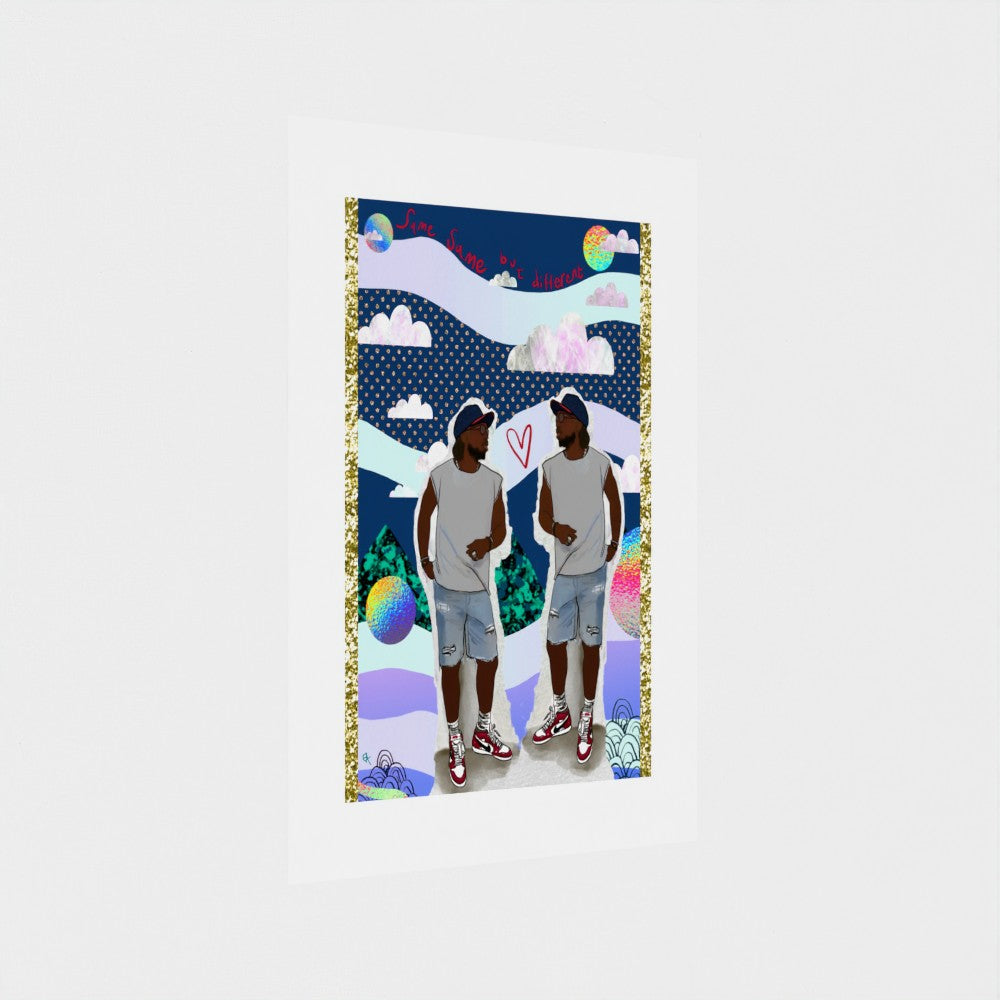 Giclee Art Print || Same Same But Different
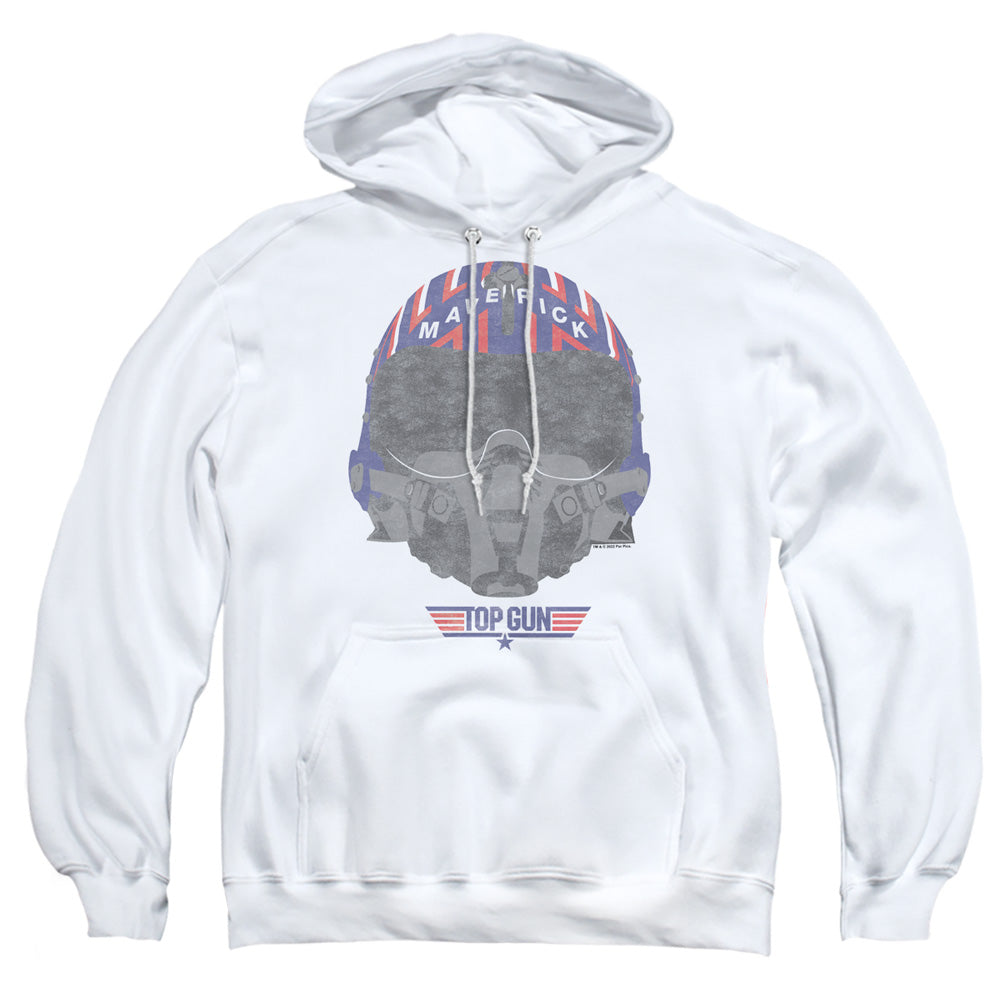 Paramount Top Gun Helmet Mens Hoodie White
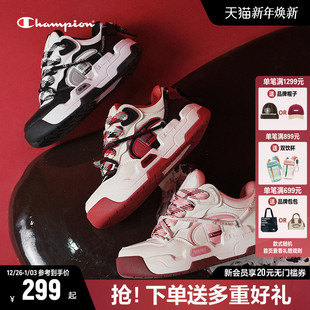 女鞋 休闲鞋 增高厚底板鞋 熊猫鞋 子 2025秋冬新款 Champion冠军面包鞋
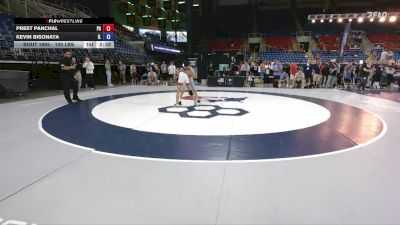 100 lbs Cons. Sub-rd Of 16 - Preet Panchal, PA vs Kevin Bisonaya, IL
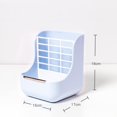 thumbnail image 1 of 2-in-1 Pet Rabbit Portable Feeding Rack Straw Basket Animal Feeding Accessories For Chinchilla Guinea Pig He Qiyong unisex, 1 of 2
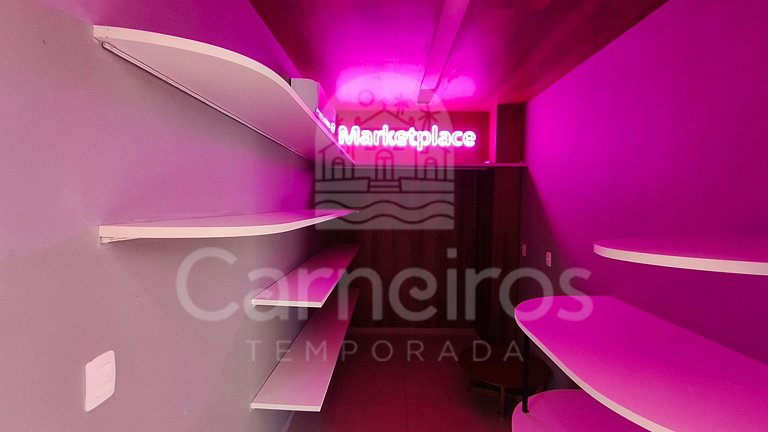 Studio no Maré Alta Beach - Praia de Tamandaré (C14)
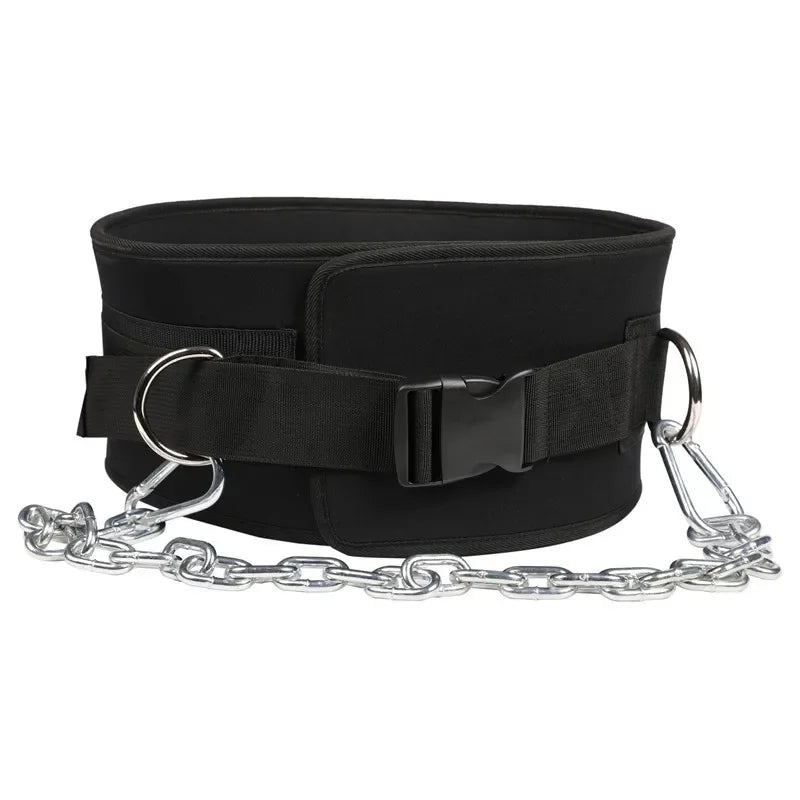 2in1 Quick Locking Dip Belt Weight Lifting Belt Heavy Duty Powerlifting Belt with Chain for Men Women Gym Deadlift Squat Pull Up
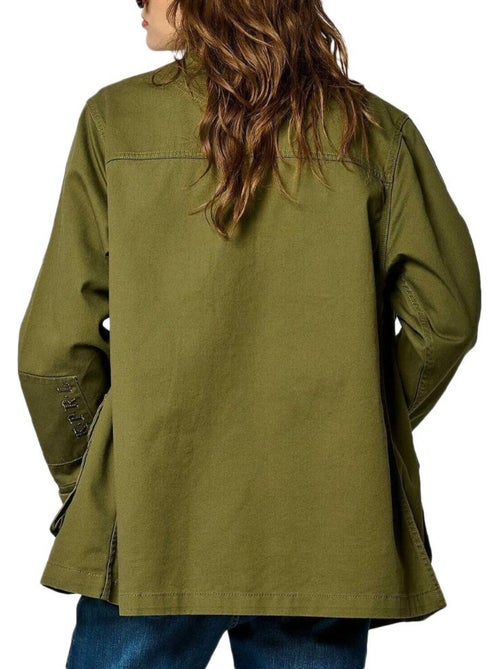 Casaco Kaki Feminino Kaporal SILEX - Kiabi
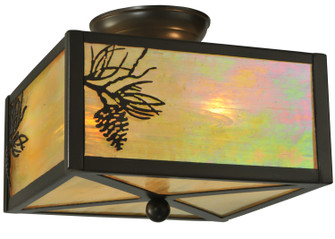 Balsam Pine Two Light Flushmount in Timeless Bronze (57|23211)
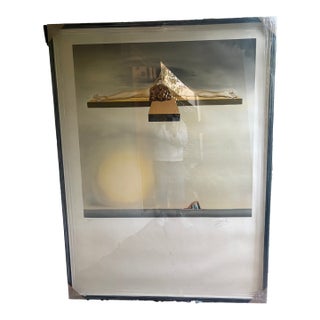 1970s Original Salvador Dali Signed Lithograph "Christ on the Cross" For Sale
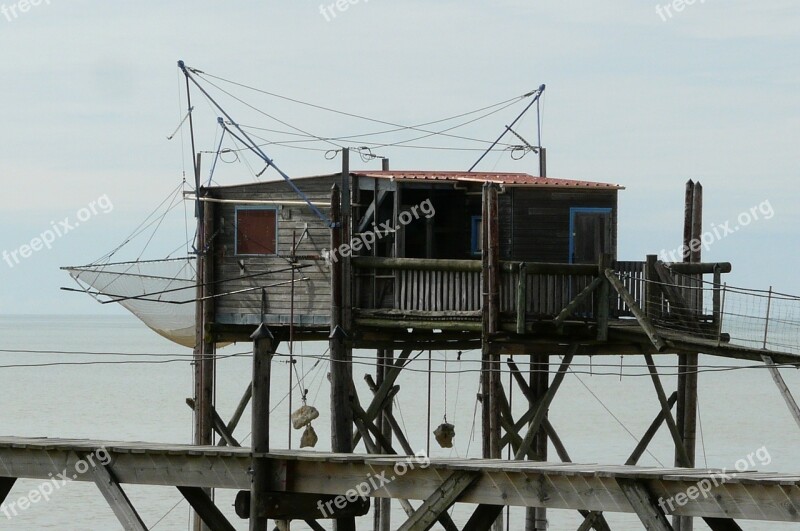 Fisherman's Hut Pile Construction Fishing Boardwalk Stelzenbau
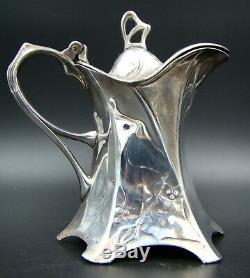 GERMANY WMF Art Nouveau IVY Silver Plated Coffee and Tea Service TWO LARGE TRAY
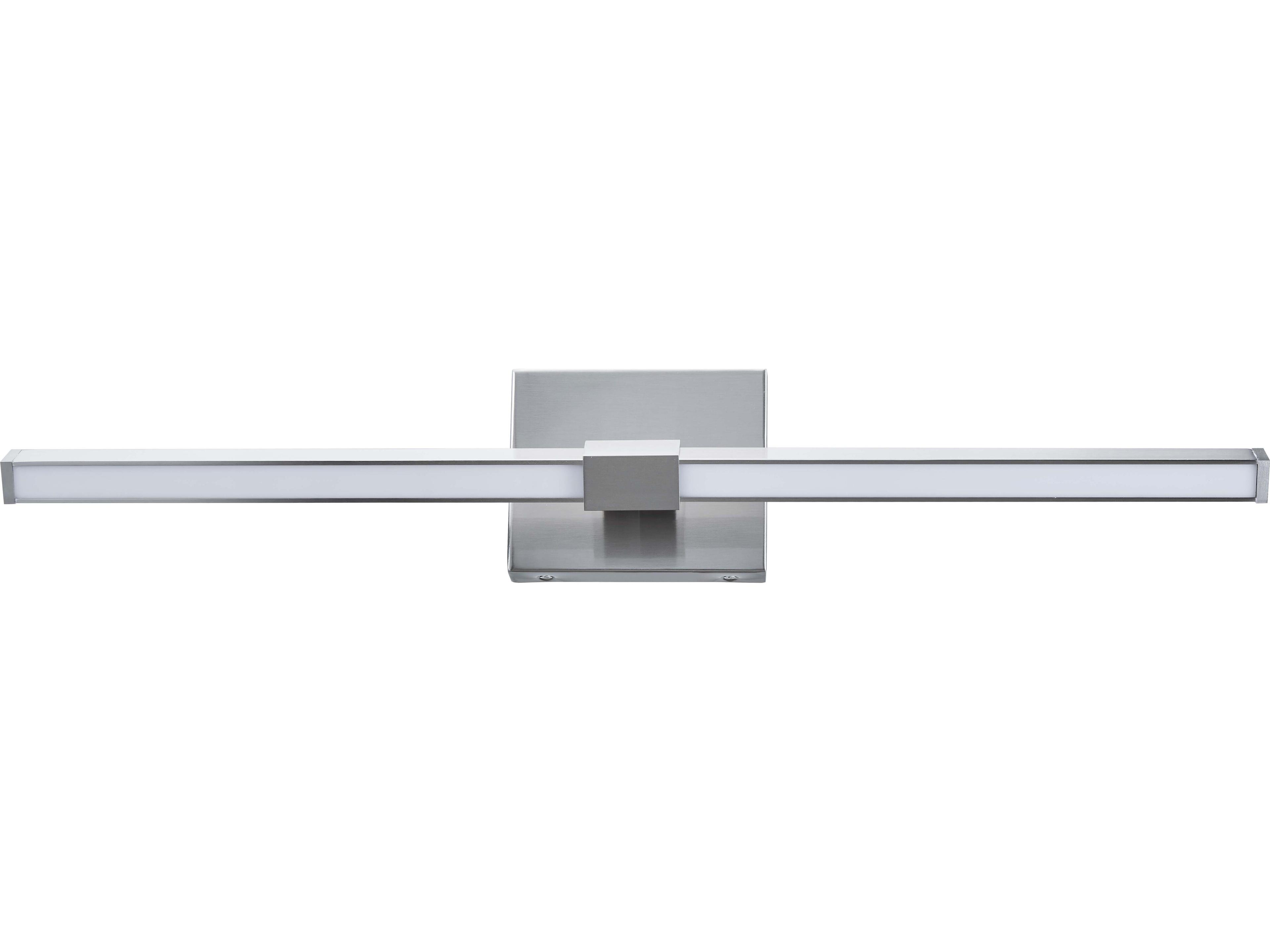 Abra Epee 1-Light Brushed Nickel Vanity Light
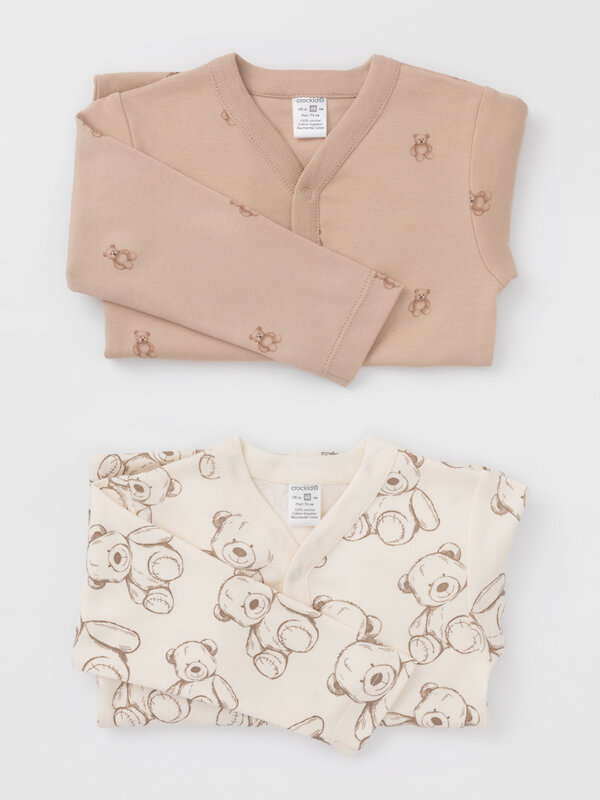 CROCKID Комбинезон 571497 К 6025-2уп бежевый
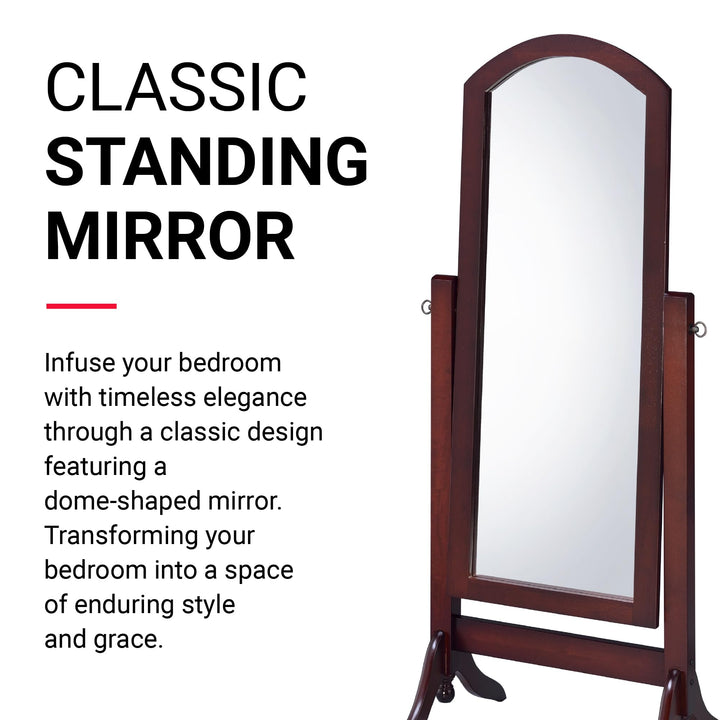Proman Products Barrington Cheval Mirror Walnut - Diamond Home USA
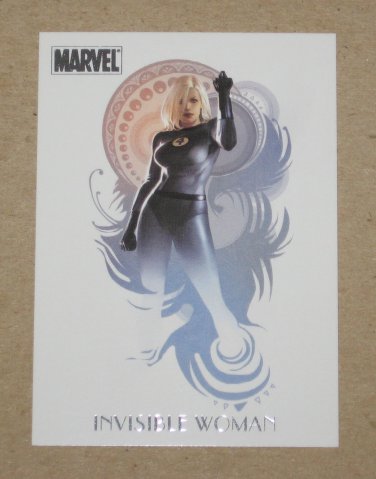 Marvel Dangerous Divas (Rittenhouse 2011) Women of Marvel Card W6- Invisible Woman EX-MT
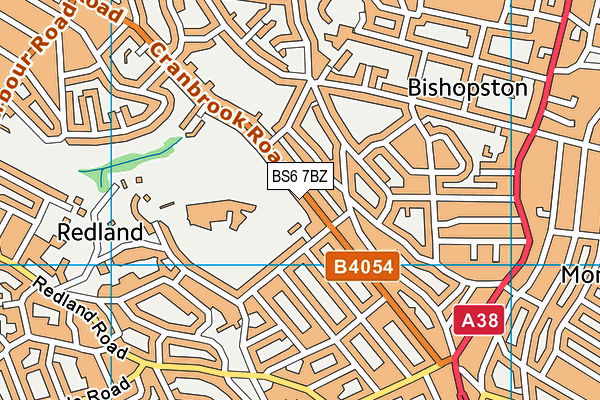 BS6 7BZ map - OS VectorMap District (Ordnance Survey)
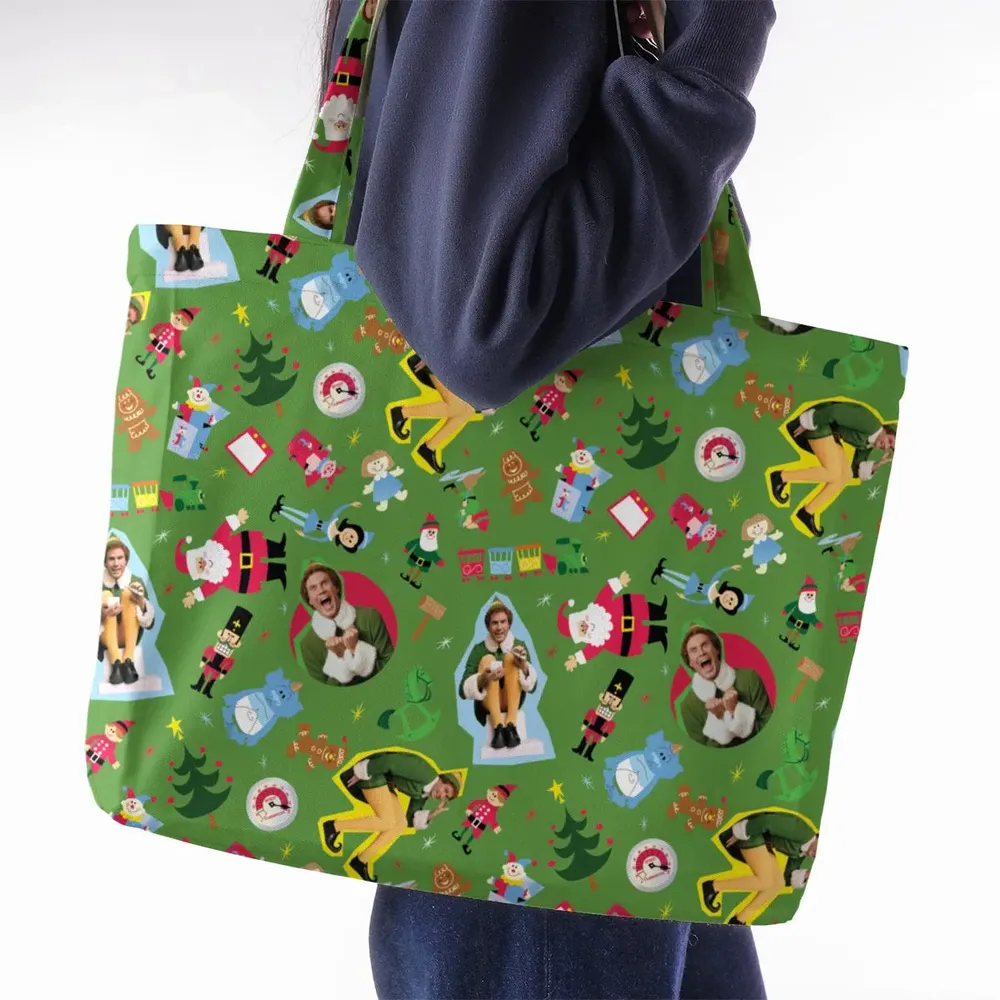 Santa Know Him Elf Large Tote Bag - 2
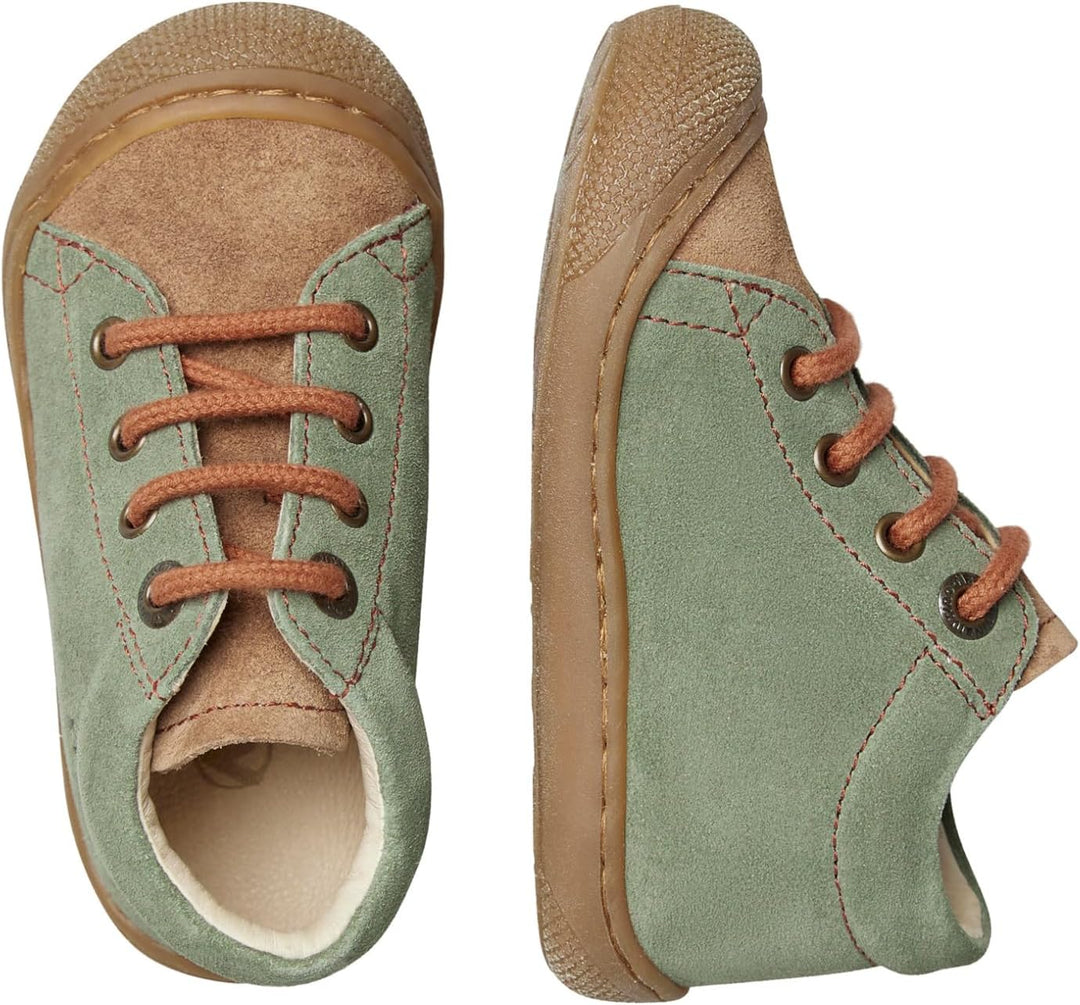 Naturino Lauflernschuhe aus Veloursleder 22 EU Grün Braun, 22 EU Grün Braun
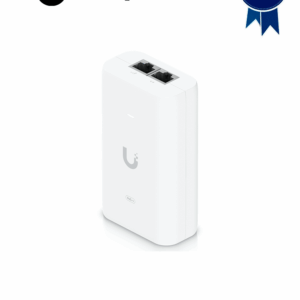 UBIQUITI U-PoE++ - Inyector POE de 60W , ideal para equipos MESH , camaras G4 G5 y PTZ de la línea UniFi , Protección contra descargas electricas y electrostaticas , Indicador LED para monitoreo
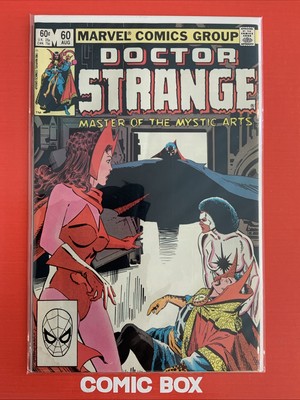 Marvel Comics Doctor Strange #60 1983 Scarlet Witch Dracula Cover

◇ ◇ ◇ ◇

=== YOUR GOAL ===
Without the pictures, please output every record exactly.

=== TASK RESULT ===
 Giclee Art Print || Same Same But Different
 Paramount Top Gun Helmet Mens Hoodie White
 女鞋 休闲鞋 增高厚底板鞋 熊猫鞋 子 2025秋冬新款 Champion冠军面包鞋
 100 lbs Cons. Sub-rd Of 16 - Preet Panchal, PA vs Kevin Bisonaya, IL
 thumbnail image 1 of 2-in-1 Pet Rabbit Portable Feeding Rack Straw Basket Animal Feeding Accessories For Chinchilla Guinea Pig He Qiyong unisex, 1 of 2
 Studio no Maré Alta Beach - Praia de Tamandaré (C14)
 2in1 Quick Locking Dip Belt Weight Lifting Belt Heavy Duty Powerlifting Belt with Chain for Men Women Gym Deadlift Squat Pull Up
 Casaco Kaki Feminino Kaporal SILEX - Kiabi
 Balsam Pine Two Light Flushmount in Timeless Bronze (57|23211)
 1970s Original Salvador Dali Signed Lithograph "Christ on the Cross" For Sale
 Fisherman's Hut Pile Construction Fishing Boardwalk Stelzenbau
 GERMANY WMF Art Nouveau IVY Silver Plated Coffee and Tea Service TWO LARGE TRAY
 Abra Epee 1-Light Brushed Nickel Vanity Light
 CROCKID Комбинезон 571497 К 6025-2уп бежевый
Proman Products Barrington Cheval Mirror Walnut - Diamond Home USA
 Marvel Dangerous Divas (Rittenhouse 2011) Women of Marvel Card W6- Invisible Woman EX-MT
 BS6 7BZ map - OS VectorMap District (Ordnance Survey)
 Santa Know Him Elf Large Tote Bag - 2
 Naturino Lauflernschuhe aus Veloursleder 22 EU Grün Braun, 22 EU Grün Braun
 UBIQUITI U-PoE++ - Inyector POE de 60W , ideal para equipos MESH , camaras G4 G5 y PTZ de la línea UniFi , Protección contra descargas electricas y electrostaticas , Indicador LED para monitoreo
 Marvel Comics Doctor Strange #60 1983 Scarlet Witch Dracula Cover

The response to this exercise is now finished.